** Data for review follows **

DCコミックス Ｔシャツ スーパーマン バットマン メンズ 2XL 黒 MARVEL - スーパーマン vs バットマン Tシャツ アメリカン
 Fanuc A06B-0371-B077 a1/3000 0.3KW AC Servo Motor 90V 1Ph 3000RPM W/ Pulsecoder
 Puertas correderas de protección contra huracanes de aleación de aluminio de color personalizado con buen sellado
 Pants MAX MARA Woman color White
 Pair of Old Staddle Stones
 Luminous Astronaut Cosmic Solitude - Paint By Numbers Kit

** End of Data for review **

__Task objective__
Transcribe each entry exactly as it appears.

__Answer box__
DCコミックス Ｔシャツ スーパーマン バットマン メンズ 2XL 黒 MARVEL - スーパーマン vs バットマン Tシャツ アメリカン
 Fanuc A06B-0371-B077 a1/3000 0.3KW AC Servo Motor 90V 1Ph 3000RPM W/ Pulsecoder
 Puertas correderas de protección contra huracanes de aleación de aluminio de color personalizado con buen sellado
 Pants MAX MARA Woman color White
 Pair of Old Staddle Stones
 Luminous Astronaut Cosmic Solitude - Paint By Numbers Kit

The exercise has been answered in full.